[MATERIAL PROVIDED]
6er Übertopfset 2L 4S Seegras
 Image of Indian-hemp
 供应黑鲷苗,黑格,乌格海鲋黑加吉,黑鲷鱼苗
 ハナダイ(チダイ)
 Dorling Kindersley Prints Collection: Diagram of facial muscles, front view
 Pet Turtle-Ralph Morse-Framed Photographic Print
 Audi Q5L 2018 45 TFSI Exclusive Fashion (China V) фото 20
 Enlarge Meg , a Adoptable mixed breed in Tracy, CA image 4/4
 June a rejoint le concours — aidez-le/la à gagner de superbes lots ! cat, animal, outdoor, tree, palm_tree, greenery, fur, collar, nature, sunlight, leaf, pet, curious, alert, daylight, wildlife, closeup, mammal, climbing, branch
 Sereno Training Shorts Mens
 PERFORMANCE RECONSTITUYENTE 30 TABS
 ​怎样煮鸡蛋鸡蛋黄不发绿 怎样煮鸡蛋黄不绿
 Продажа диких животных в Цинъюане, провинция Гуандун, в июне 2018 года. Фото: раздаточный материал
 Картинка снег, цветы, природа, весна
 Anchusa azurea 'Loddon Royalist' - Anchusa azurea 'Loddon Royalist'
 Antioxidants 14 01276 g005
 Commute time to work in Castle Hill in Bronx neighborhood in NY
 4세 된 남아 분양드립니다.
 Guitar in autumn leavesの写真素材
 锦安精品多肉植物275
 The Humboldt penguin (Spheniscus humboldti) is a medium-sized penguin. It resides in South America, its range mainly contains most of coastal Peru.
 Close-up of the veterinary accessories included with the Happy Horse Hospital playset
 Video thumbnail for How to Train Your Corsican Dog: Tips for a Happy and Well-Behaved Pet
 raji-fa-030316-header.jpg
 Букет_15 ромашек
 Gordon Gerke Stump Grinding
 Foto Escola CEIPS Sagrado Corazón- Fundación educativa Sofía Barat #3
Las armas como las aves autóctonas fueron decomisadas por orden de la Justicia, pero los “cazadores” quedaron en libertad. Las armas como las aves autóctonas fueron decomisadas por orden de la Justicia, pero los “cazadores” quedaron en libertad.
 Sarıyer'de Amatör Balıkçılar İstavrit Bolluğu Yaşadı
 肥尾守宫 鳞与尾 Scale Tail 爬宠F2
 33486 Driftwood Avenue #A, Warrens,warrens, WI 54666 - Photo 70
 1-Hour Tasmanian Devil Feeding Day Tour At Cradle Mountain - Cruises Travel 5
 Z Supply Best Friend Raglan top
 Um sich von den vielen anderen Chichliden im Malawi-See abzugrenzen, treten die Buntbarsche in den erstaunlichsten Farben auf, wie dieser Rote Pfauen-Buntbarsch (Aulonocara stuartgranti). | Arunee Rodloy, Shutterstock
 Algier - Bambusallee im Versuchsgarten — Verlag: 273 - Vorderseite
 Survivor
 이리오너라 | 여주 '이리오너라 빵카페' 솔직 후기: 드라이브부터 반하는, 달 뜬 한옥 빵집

[WHAT TO PRODUCE] Would you transcribe the data above exactly as it stands?

[EXERCISE RESULT]
6er Übertopfset 2L 4S Seegras
 Image of Indian-hemp
 供应黑鲷苗,黑格,乌格海鲋黑加吉,黑鲷鱼苗
 ハナダイ(チダイ)
 Dorling Kindersley Prints Collection: Diagram of facial muscles, front view
 Pet Turtle-Ralph Morse-Framed Photographic Print
 Audi Q5L 2018 45 TFSI Exclusive Fashion (China V) фото 20
 Enlarge Meg , a Adoptable mixed breed in Tracy, CA image 4/4
 June a rejoint le concours — aidez-le/la à gagner de superbes lots ! cat, animal, outdoor, tree, palm_tree, greenery, fur, collar, nature, sunlight, leaf, pet, curious, alert, daylight, wildlife, closeup, mammal, climbing, branch
 Sereno Training Shorts Mens
 PERFORMANCE RECONSTITUYENTE 30 TABS
 ​怎样煮鸡蛋鸡蛋黄不发绿 怎样煮鸡蛋黄不绿
 Продажа диких животных в Цинъюане, провинция Гуандун, в июне 2018 года. Фото: раздаточный материал
 Картинка снег, цветы, природа, весна
 Anchusa azurea 'Loddon Royalist' - Anchusa azurea 'Loddon Royalist'
 Antioxidants 14 01276 g005
 Commute time to work in Castle Hill in Bronx neighborhood in NY
 4세 된 남아 분양드립니다.
 Guitar in autumn leavesの写真素材
 锦安精品多肉植物275
 The Humboldt penguin (Spheniscus humboldti) is a medium-sized penguin. It resides in South America, its range mainly contains most of coastal Peru.
 Close-up of the veterinary accessories included with the Happy Horse Hospital playset
 Video thumbnail for How to Train Your Corsican Dog: Tips for a Happy and Well-Behaved Pet
 raji-fa-030316-header.jpg
 Букет_15 ромашек
 Gordon Gerke Stump Grinding
 Foto Escola CEIPS Sagrado Corazón- Fundación educativa Sofía Barat #3
Las armas como las aves autóctonas fueron decomisadas por orden de la Justicia, pero los “cazadores” quedaron en libertad. Las armas como las aves autóctonas fueron decomisadas por orden de la Justicia, pero los “cazadores” quedaron en libertad.
 Sarıyer'de Amatör Balıkçılar İstavrit Bolluğu Yaşadı
 肥尾守宫 鳞与尾 Scale Tail 爬宠F2
 33486 Driftwood Avenue #A, Warrens,warrens, WI 54666 - Photo 70
 1-Hour Tasmanian Devil Feeding Day Tour At Cradle Mountain - Cruises Travel 5
 Z Supply Best Friend Raglan top
 Um sich von den vielen anderen Chichliden im Malawi-See abzugrenzen, treten die Buntbarsche in den erstaunlichsten Farben auf, wie dieser Rote Pfauen-Buntbarsch (Aulonocara stuartgranti). | Arunee Rodloy, Shutterstock
 Algier - Bambusallee im Versuchsgarten — Verlag: 273 - Vorderseite
 Survivor
 이리오너라 | 여주 '이리오너라 빵카페' 솔직 후기: 드라이브부터 반하는, 달 뜬 한옥 빵집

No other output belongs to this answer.